As we mentioned in last month’s Strategic Edge Newsletter Edition (see #2,#3, & #12), cultivating your people, Human Capital, can be a powerful leverage point to move your firm into the top 25% in your industry. As your small company grows larger, providing the payroll, hiring and retaining the right people to grow your business from 10 to 50 or 50 to 100 employees introduces your firm to the challenges of keeping an organism healthy.
“If your business’s profit and people are not in the top 25% of your industry, by definition
it is underperforming, and you are missing a huge opportunity to accumulate personal wealth”
Furthermore, growing a company from 100 to 500 employees requires the introduction of human capital engineering technologies drawn from the HR expertise of larger companies:
In a knowledge-based economy, skilled talent may be what most differentiates great companies from the rest of the pack. Skilled talent can help drive innovation and customer value, creates growth opportunities, and mitigates a growing river of risk. Organizations that do an extraordinary job managing their talent agendas have an opportunity to set themselves apart – in both the talent arena and in the broader marketplace.
Deloitte, Human Capital Trends 2013
Growing the mid-sized company is no easy task. Many owners find themselves in an unfortunate u-shaped valley of engagement/satisfaction among employees. Small and large companies had the most positive attitudes and mid-sized the least. For example more than two-thirds (68%) of employees in organizations with fewer than 100 employees were somewhat to strongly favorable toward management.

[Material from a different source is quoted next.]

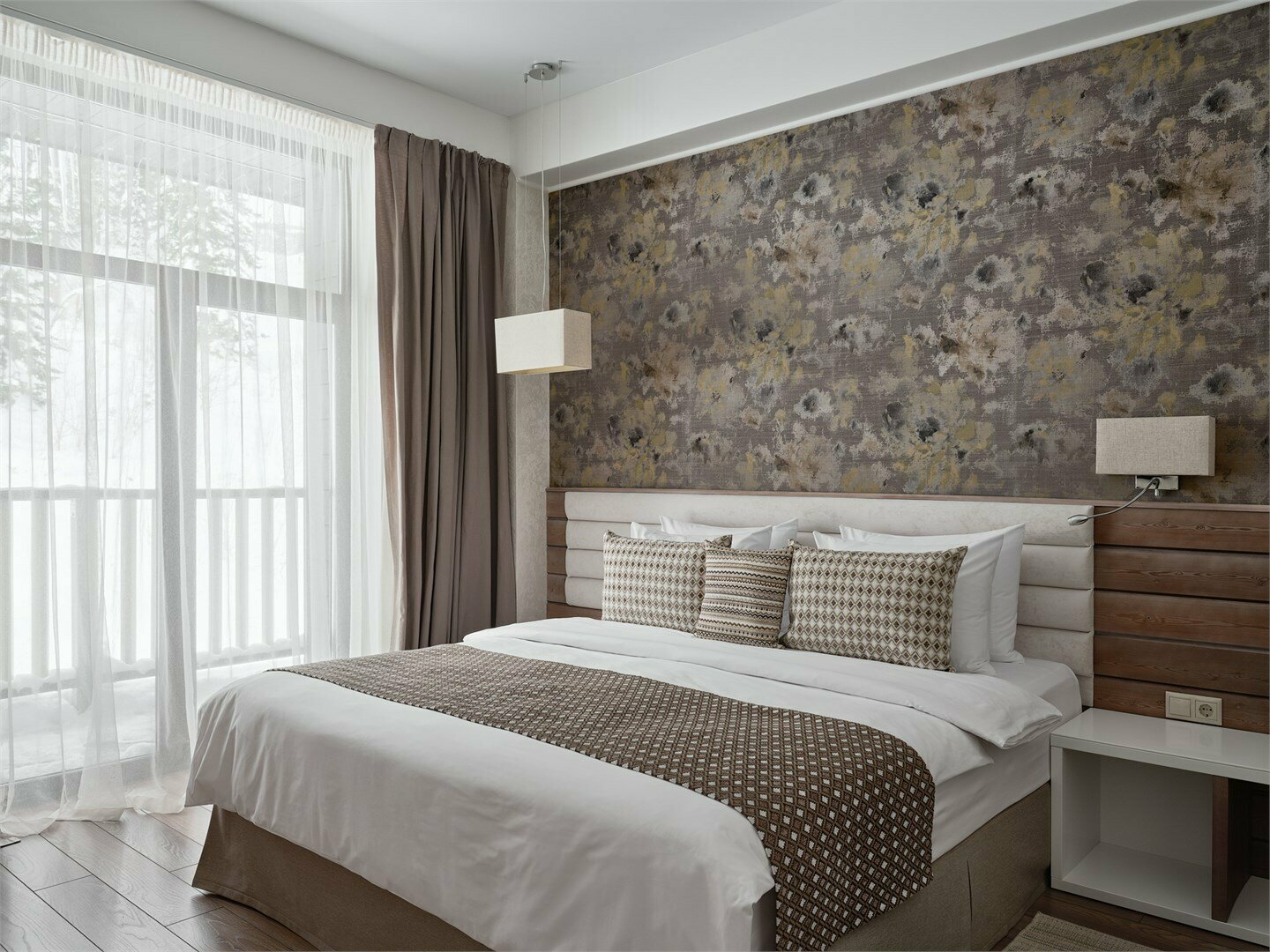 Люкс (3 этаж, с балконом)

Only half of organizations of 100 to 1000 or 1001 to 10,000 trusted management. But in firms over 10,001, the percentage climbed back to 64%. This same pattern holds true for pay levels, supervisors and career paths. 1
The mid-sized company struggles because it no longer has the agility of the smaller company nor has it grown to have the systems and resources of the larger company.

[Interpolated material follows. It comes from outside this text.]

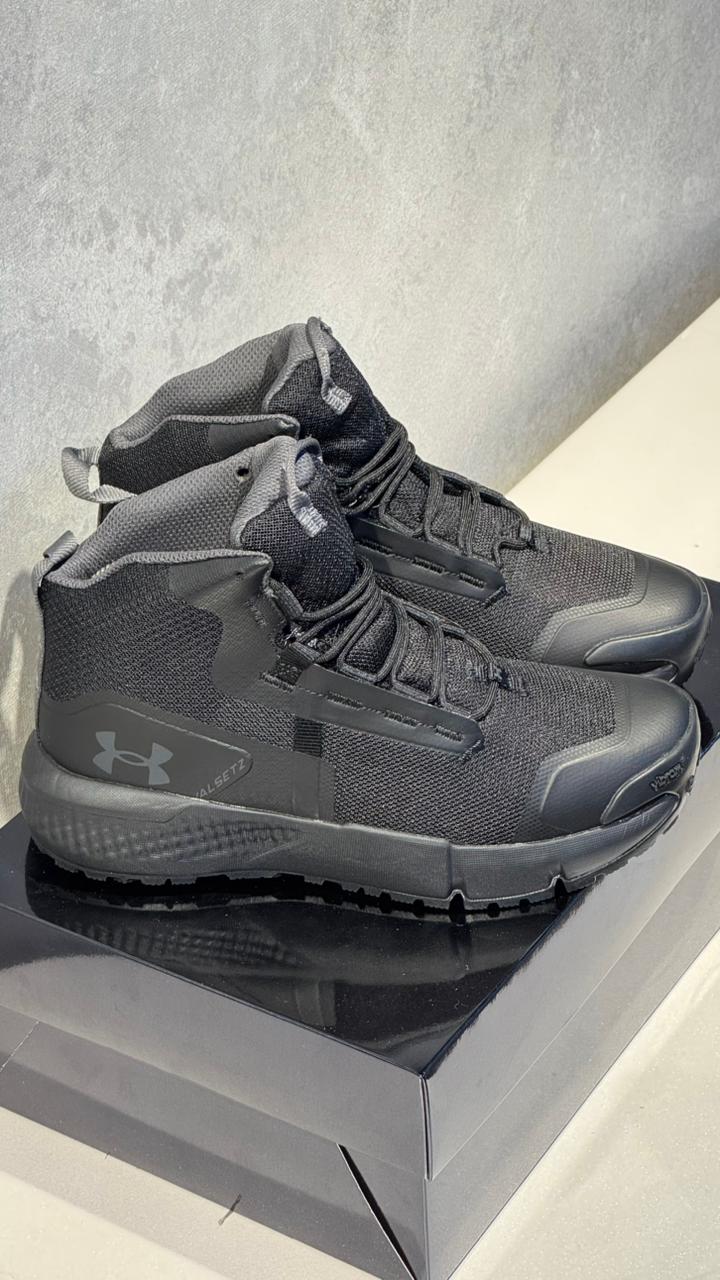 BOTA UNDER ARMOUR NEGRA CABALLERO - Image 4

A recent Harvard Business Review article suggested a couple of additional factors that could keep the mid-sized company stuck.

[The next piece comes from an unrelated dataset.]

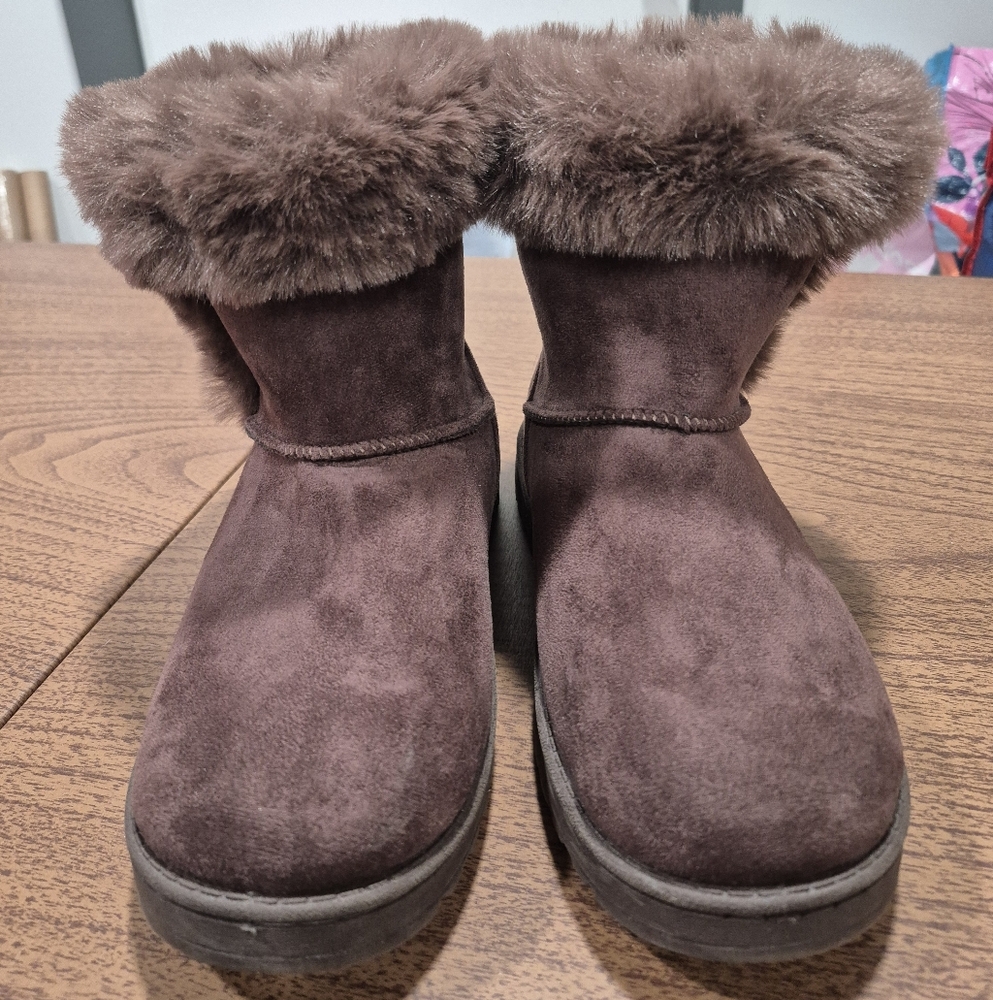 Like New! White Mountain Faux Suede And Fur Boots - Picture 2 of 9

- Cultural misalignment: One company run by a CEO with a sales pedigree was unable to pay to get the necessary supply chain and finance executives to ensure accuracy of orders, invoicing and AR management. His sales team, acting as though they were a Fortune 500 company that could fulfill any customized order, added to the pileup of incorrect orders and poor execution. The result? Unhappy customers unwilling to pay.
- Inability to rapidly acquire the right people: Finding and developing key people during periods of rapid growth are key to preventing operational breakdown. The specific skills that mid-sized companies need today – which weren’t necessary when they began life – expanded rapidly, requiring subject matter experts in niches that small firms don’t need and big firms already have in place. The firm of 100 that needs to design positions, find, hire, and onboard 50 new people in one year most likely lacks the HR capacity to do so. In order to keep departmental managers focused on their area of competency (sales, operations, or finance, for example), requires the bulking up of the HR function. Otherwise that HR need should be outsourced or complemented by outside virtual executive expertise.
- Lack of clarity: Millions of business owners are wearing rose-colored glasses. They believe they are doing a good job running their business and they fail to recognize that the human capital side of their business is underperforming.They believe they “can’t find good people” or that they have “problem employees.” They have difficulty seeing that they must make changes to be the kind of company that has the vision, a clear plan and solid execution to continue progressing into the top 25%.